#### [Task description]
The records are to be repeated exactly, and any images in them are to be dropped.

(Captioned web image data)
=== Section Start ===

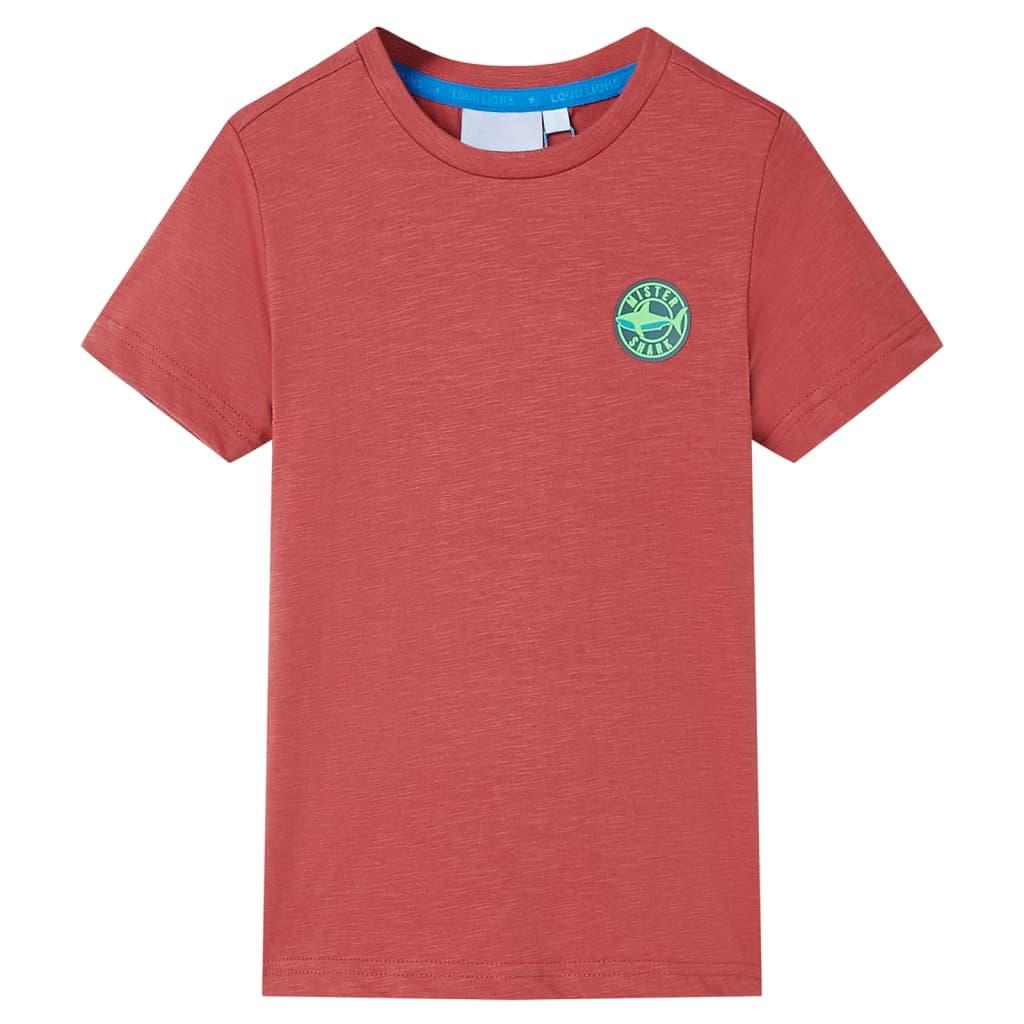 T-shirt til børn - rød, str. 104 (3-4 år) - 100 % bomuld billede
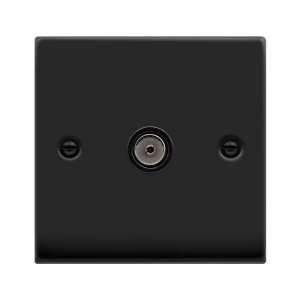 Click VPMB065BK Deco Matt Black Single Non-Isolated TV/Co-Axial Outlet With Black Inserts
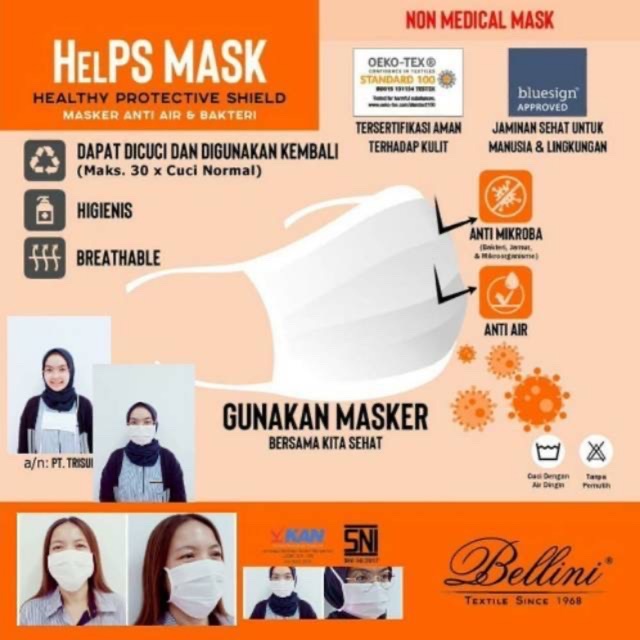 PGC MASKER / MASKER MULUT /MASKER HIJAB / MASKER KAIN / TALI  / MASKER HIJAB KAIN BELLINI HelPS MASK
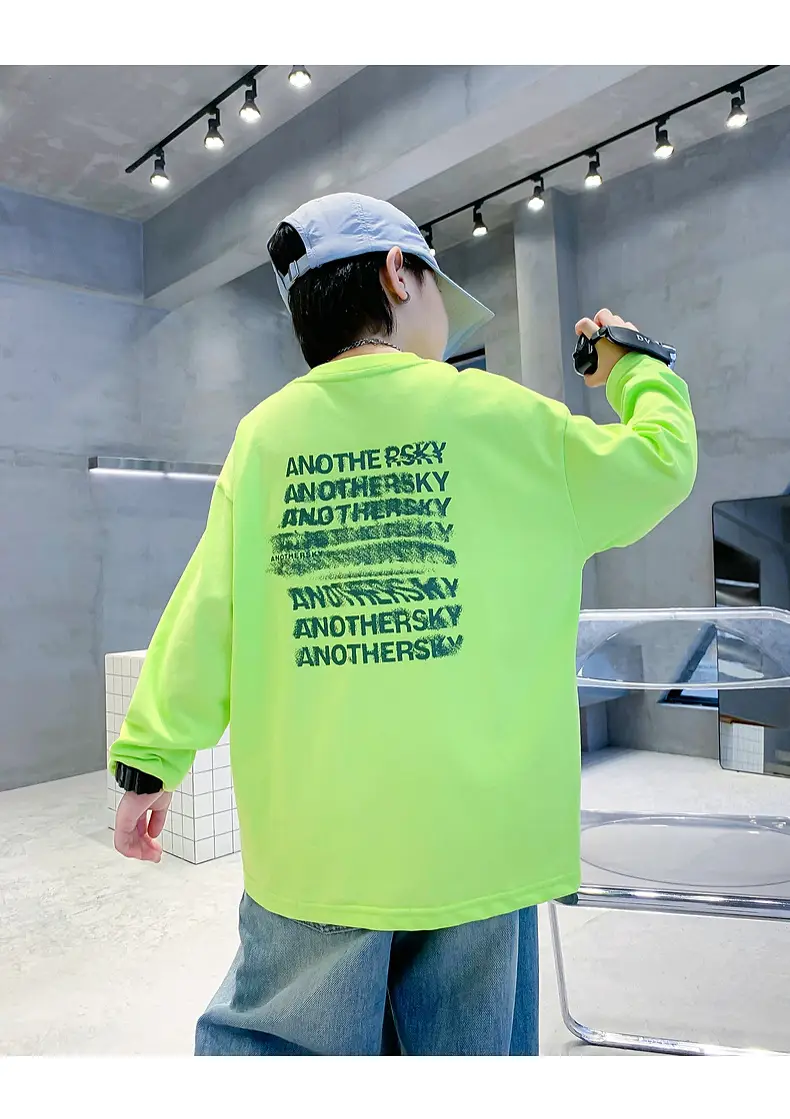 Kids Pure Cotton Long Sleeve T-Shirt Neon Green 2025 — feature 13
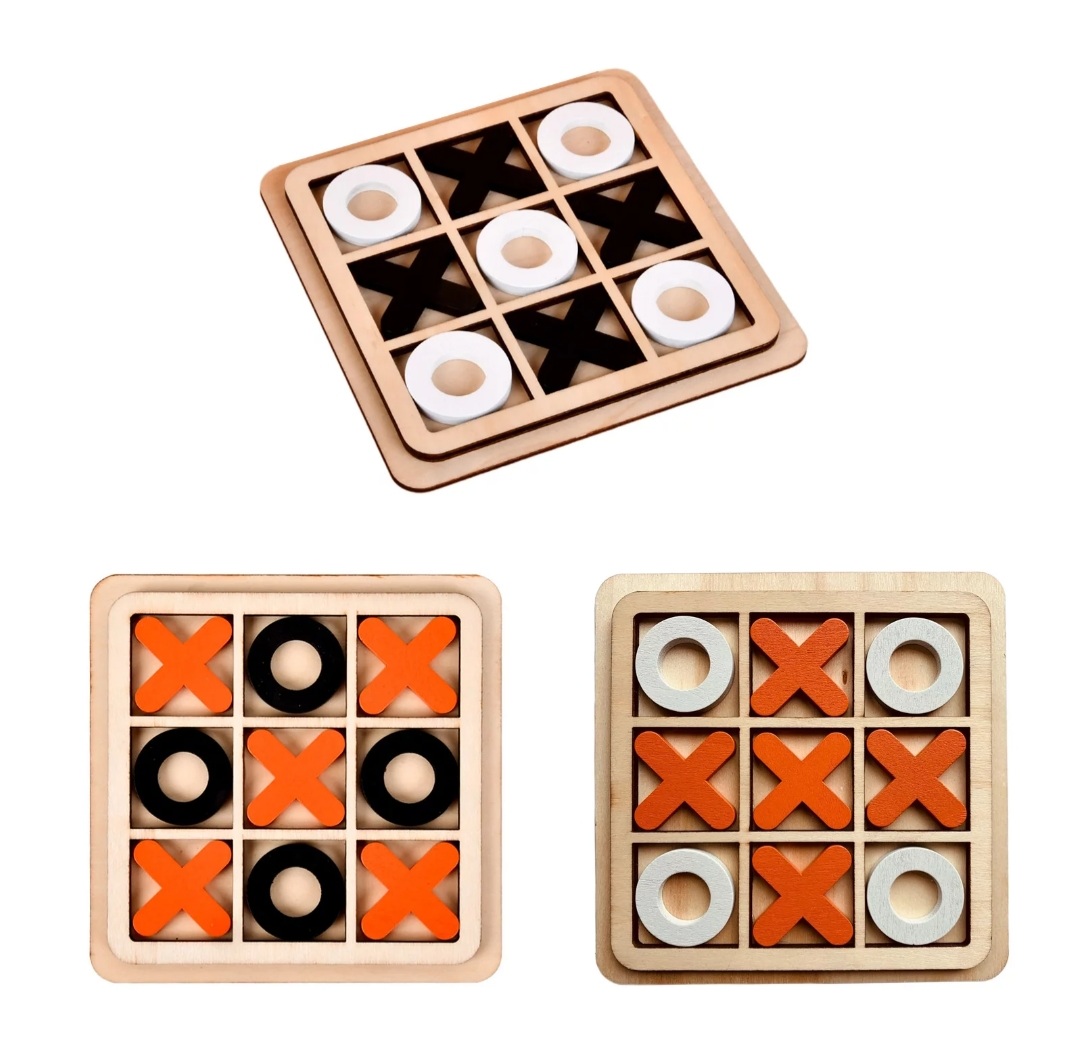 Cute Baby Montessori Wooden Tic Tac Toe, Mini Chess Play Game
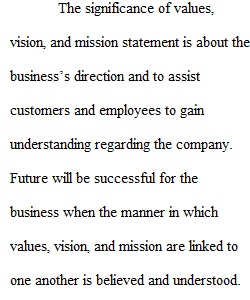 Management_Mission, Vision, Values, and Management Assignment 1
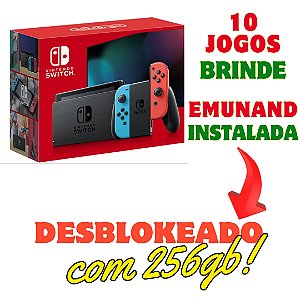 Nintendo Switch Neon DESBLOQUEADO COM 256GB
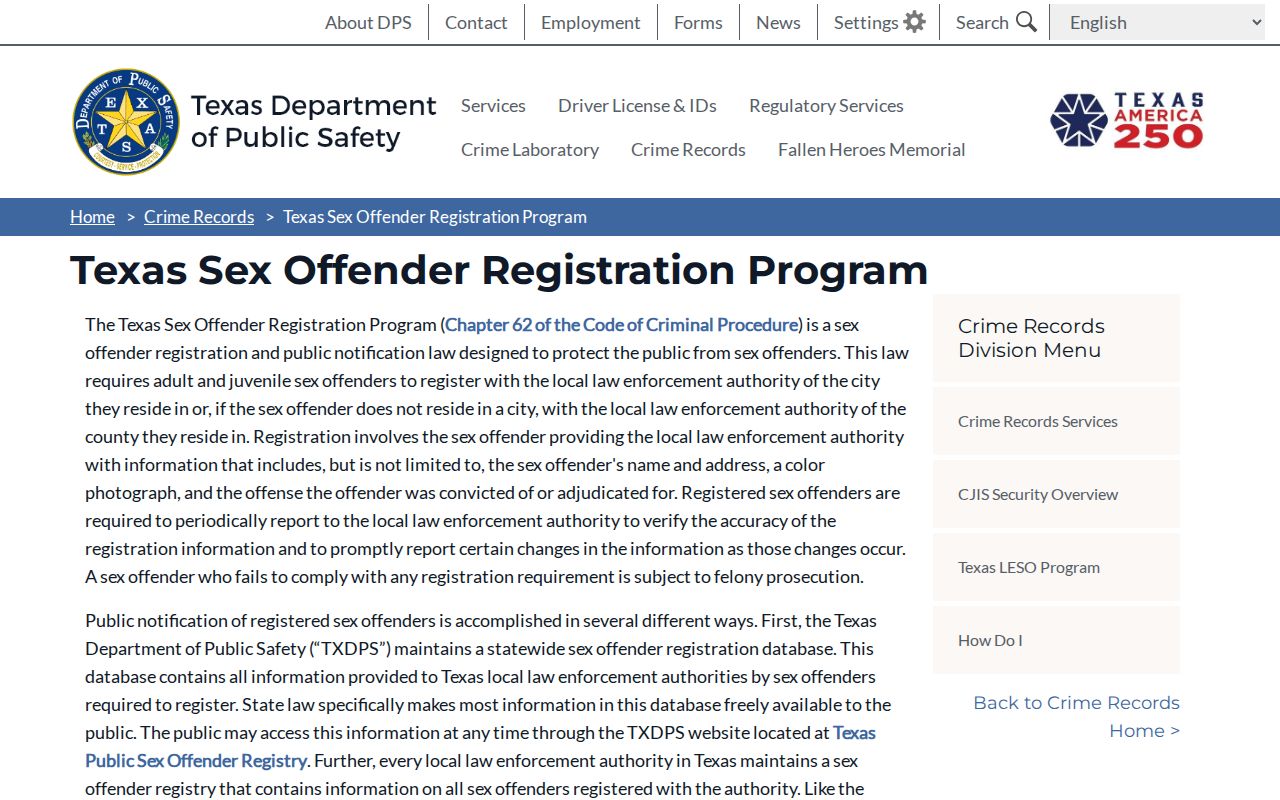 Refugio County sex offender records and Texas registration program page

=== Section End ===

#### [Written answer]
 T-shirt til børn - rød, str. 104 (3-4 år) - 100 % bomuld billede
 Click VPMB065BK Deco Matt Black Single Non-Isolated TV/Co-Axial Outlet With Black Inserts
 PGC MASKER / MASKER MULUT /MASKER HIJAB / MASKER KAIN / TALI  / MASKER HIJAB KAIN BELLINI HelPS MASK
 Kids Pure Cotton Long Sleeve T-Shirt Neon Green 2025 — feature 13
 Cute Baby Montessori Wooden Tic Tac Toe, Mini Chess Play Game
 Management_Mission, Vision, Values, and Management Assignment 1
 Nintendo Switch Neon DESBLOQUEADO COM 256GB
 Refugio County sex offender records and Texas registration program page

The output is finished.